Because he's worth it ...

Wednesday, November 30, 2005

Back me up, Dave

There was a point in the past, before my daughter was born when I came truly to believe that I had lost my grip on reality, or gone completely around the twist.

How else could I explain how I saw things?

What person would truly treat the person he professed to love in the way I saw myself being treated? If it was impossible that I could be treated in this way, and yet I saw myself being treated this way, or if being treated this was was perfectly normal and my reaction to it was abnormal then either way I was on the verge of being certifiable.

Before we married, when he apparently couldn't bear the idea of us parting but wasn't yet ready to migrate we struck a deal to stay in Europe for a few years before settling in Australia. I made it abundantly clear that I had no intention of staying in the UK for the long term and that he had to be prepared to move. He said he was.

And yet here I still am, all these years down the track, lumbered with the only man in England who would not grab the chance for a life Down Under (even if reality turned out to be not all beer and barbies, afterall).

He would tell me something and stick to it long after it had become abundantly clear that the truth was otherwise and he would do so with such a determination that it seemed impossible he could be lying. A liar would not lie such a stupid lie, one in which he could so easily be found out or exposed, so he couldn't be a liar.

That was the sort of logic with which I tortured myself.

Inevitably this process was corrosive to my soul, to my self-esteem. It took an exceptional catalyst, a huge effort of will and a modicum of luck to drag myself back up from the abyss without hitting rock bottom. The baby came along just in time. Simultaneously I found myself at work in a supportive and encouraging environment from which I could draw new reserves of confidence and hope.

I had been reduced to working as a secretary (with all due respect to secretaries, many of whom are bright and hard working and vital to the well being of the organisation within which they work, but it was a step backwards for me) but for an immensely open minded boss who could see that I had things to offer the organisation but needed to be placed elsewhere to offer them.

He floated the move to the fee-earning side and I ran with it.
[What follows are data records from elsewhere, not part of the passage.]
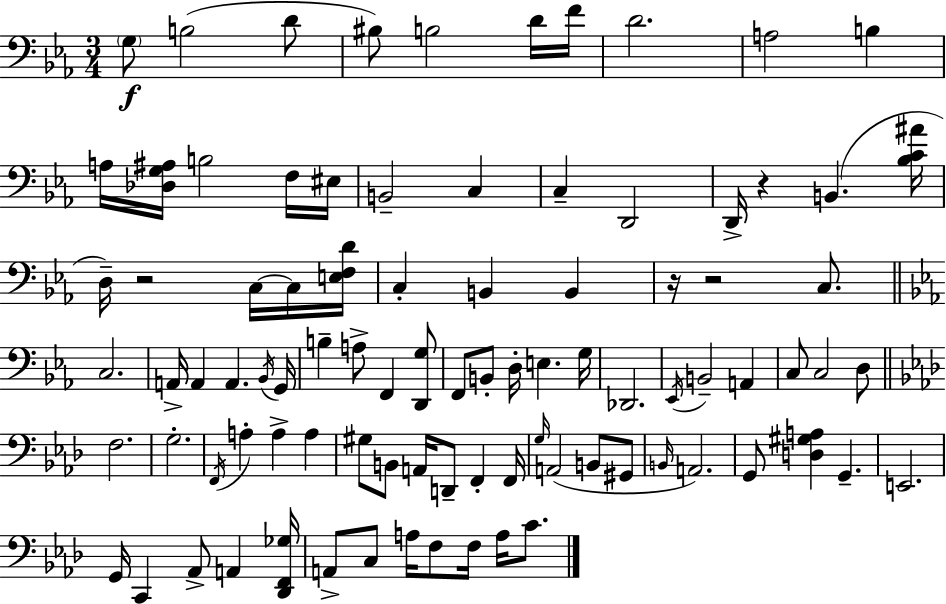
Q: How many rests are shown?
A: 4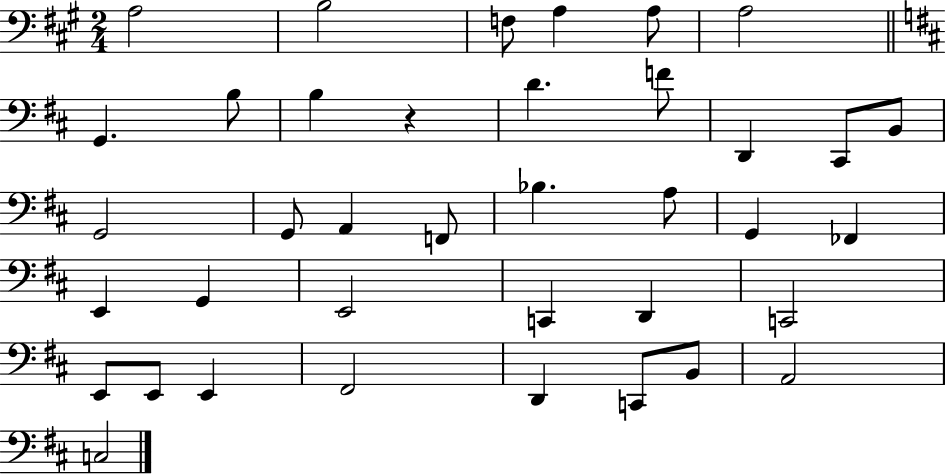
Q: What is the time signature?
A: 2/4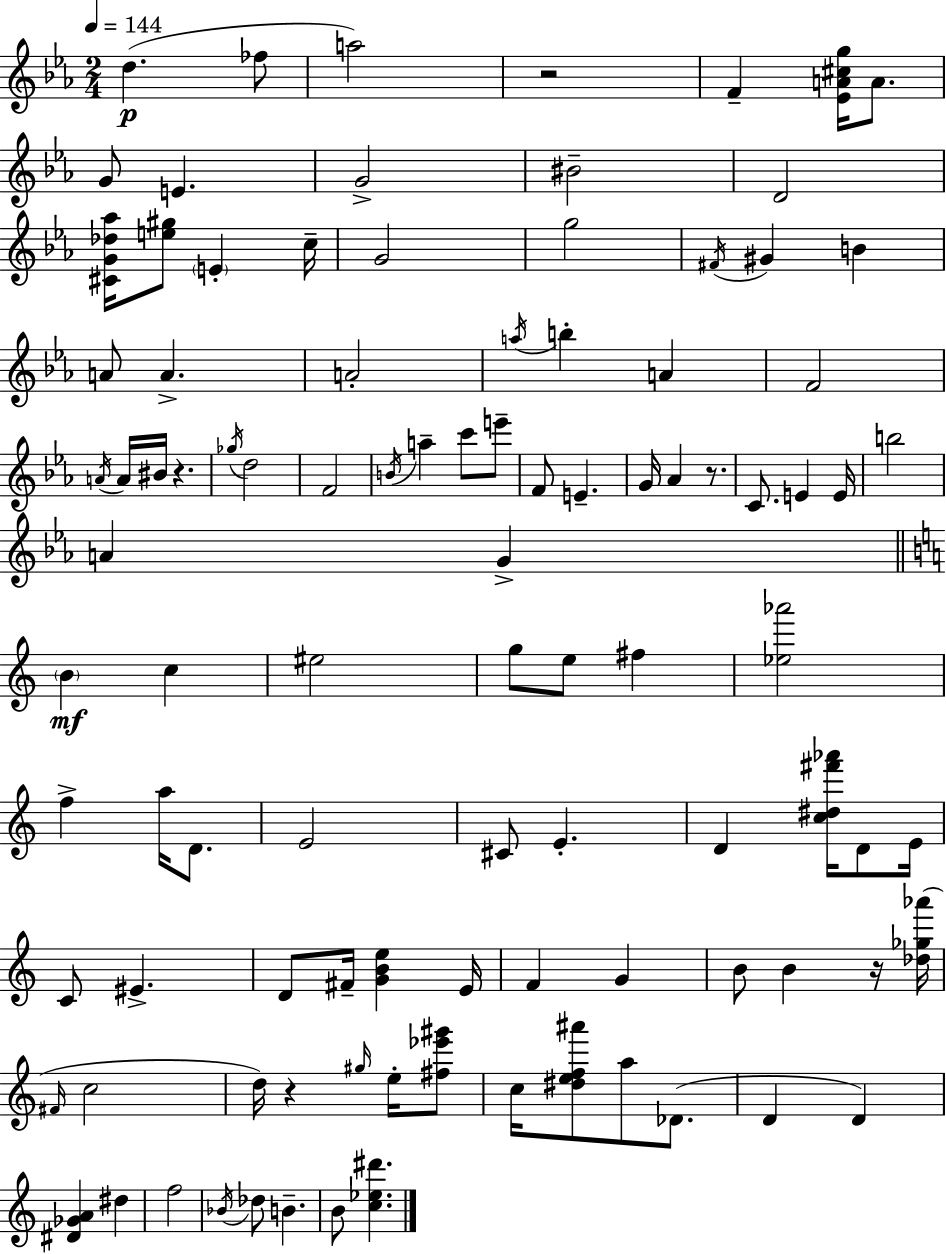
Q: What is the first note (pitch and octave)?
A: D5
Without his support and his knowledge of the workings of the Firm the move might never have happened and I'd probably not be alive today to write of these things.

He and the others around me helped me believe in myself again. While off on maternity leave I went on my voyage of discovery around the house. I found the documentation relating to the share sales and knew that I had not been going insane. With this proof acting as cement everything has held together ever since, through all the difficult times.
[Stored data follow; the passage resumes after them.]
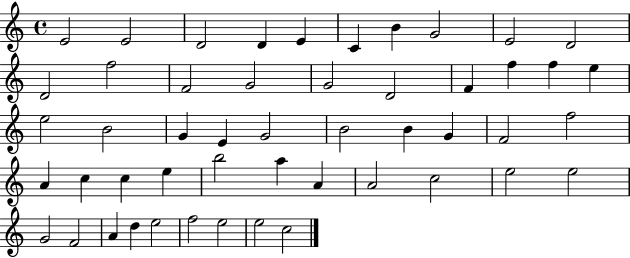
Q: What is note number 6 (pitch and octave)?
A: C4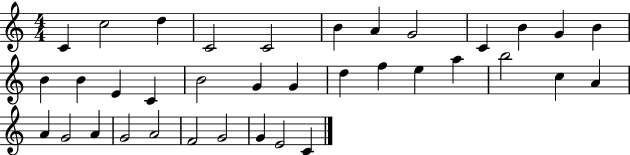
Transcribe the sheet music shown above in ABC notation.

X:1
T:Untitled
M:4/4
L:1/4
K:C
C c2 d C2 C2 B A G2 C B G B B B E C B2 G G d f e a b2 c A A G2 A G2 A2 F2 G2 G E2 C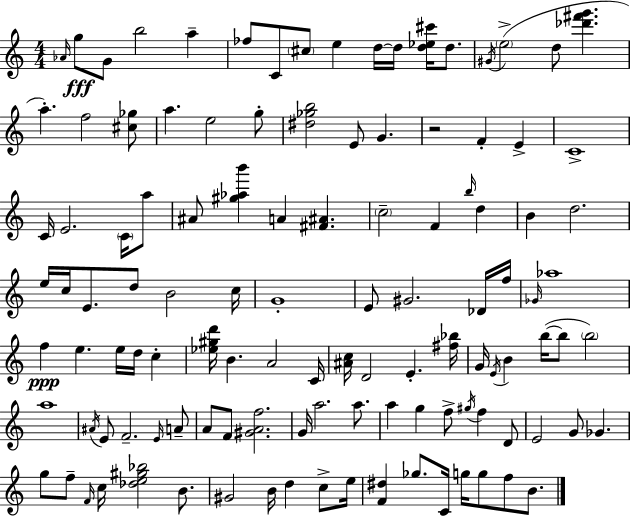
Ab4/s G5/e G4/e B5/h A5/q FES5/e C4/e C#5/e E5/q D5/s D5/s [D5,Eb5,C#6]/s D5/e. G#4/s E5/h D5/e [Db6,F#6,G6]/q. A5/q. F5/h [C#5,Gb5]/e A5/q. E5/h G5/e [D#5,Gb5,B5]/h E4/e G4/q. R/h F4/q E4/q C4/w C4/s E4/h. C4/s A5/e A#4/e [G#5,Ab5,B6]/q A4/q [F#4,A#4]/q. C5/h F4/q B5/s D5/q B4/q D5/h. E5/s C5/s E4/e. D5/e B4/h C5/s G4/w E4/e G#4/h. Db4/s F5/s Gb4/s Ab5/w F5/q E5/q. E5/s D5/s C5/q [Eb5,G#5,D6]/s B4/q. A4/h C4/s [A#4,C5]/s D4/h E4/q. [F#5,Bb5]/s G4/s E4/s B4/q B5/s B5/e B5/h A5/w A#4/s E4/e F4/h. E4/s A4/e A4/e F4/e [G#4,A4,F5]/h. G4/s A5/h. A5/e. A5/q G5/q F5/e G#5/s F5/q D4/e E4/h G4/e Gb4/q. G5/e F5/e F4/s C5/s [Db5,E5,G#5,Bb5]/h B4/e. G#4/h B4/s D5/q C5/e E5/s [F4,D#5]/q Gb5/e. C4/s G5/s G5/e F5/e B4/e.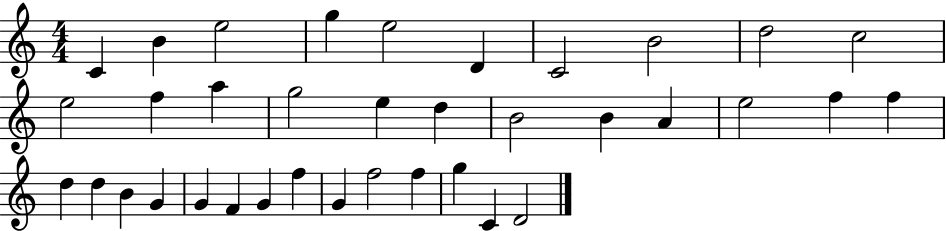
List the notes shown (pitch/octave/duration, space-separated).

C4/q B4/q E5/h G5/q E5/h D4/q C4/h B4/h D5/h C5/h E5/h F5/q A5/q G5/h E5/q D5/q B4/h B4/q A4/q E5/h F5/q F5/q D5/q D5/q B4/q G4/q G4/q F4/q G4/q F5/q G4/q F5/h F5/q G5/q C4/q D4/h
In the midst of the pregnancy and early months at home we took in a guest, one of the Fat Bastard's drinking mates who had been kicked out by his partner. His name was Dave. He was (and hopefully still is) a very short and very pugnacious Northern Irishman. He and the Fat Bastard went drinking every evening when they were not working the night shift on the way home from work at the pub in ______ over the road from the railway station.
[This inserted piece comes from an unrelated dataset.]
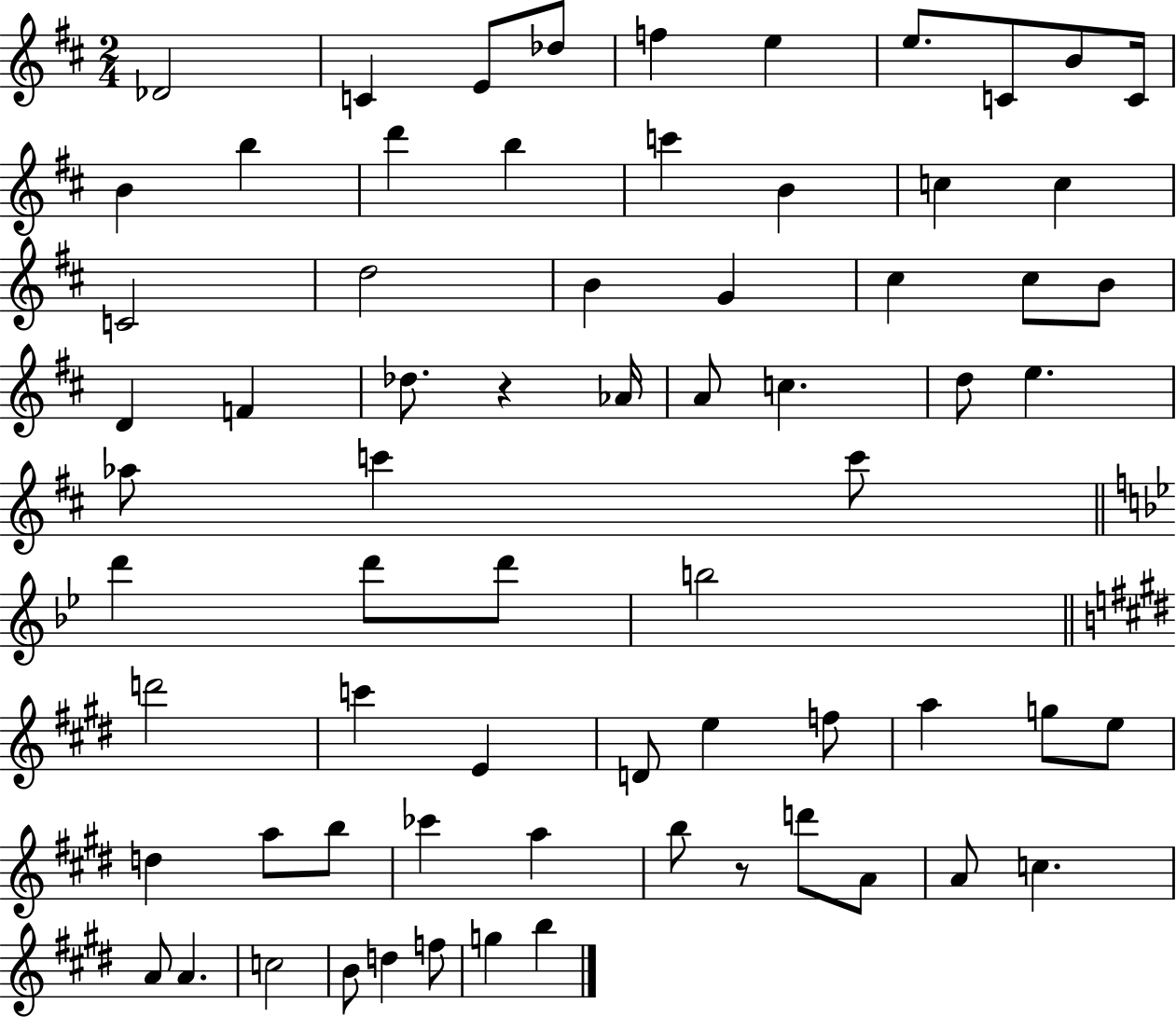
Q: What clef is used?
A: treble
One night he came bursting in, charged up the stairs to the lounge room and ordered me to say not a word. A short while later the Fat Bastard came in and up the stairs.

"See, I beat the bus" or something similar Dave said to him in a mild tone and we got some rigmarole about the bus journey.

The moment the Fat Bastard stopped talking Dave laid into him at the top of his lungs in that distinctive Ulster accent of his.

"You lying ******* ******** ****** (etc, etc). I saw you get out of the taxi round the corner. You're a lying ******* ******* **** (etc, etc). Why do you ******* do it?" and so forth and so on for quite some time.

The fat bastard just stood there at the top of the stairs in the door way leading to the lounge with the blank resigned look he adopts when he's getting the truth aimed between his eyes.

I lent Dave £300 just as he was leaving us, I think to get things sorted with his partner, and I never got it back. Right now and as much as I could do with the money I'd forgo it for a few words from Dave to confirm the gist of the above story and let me know what squalid story or stories lay behind the anger. Come in Dave, all is forgiven.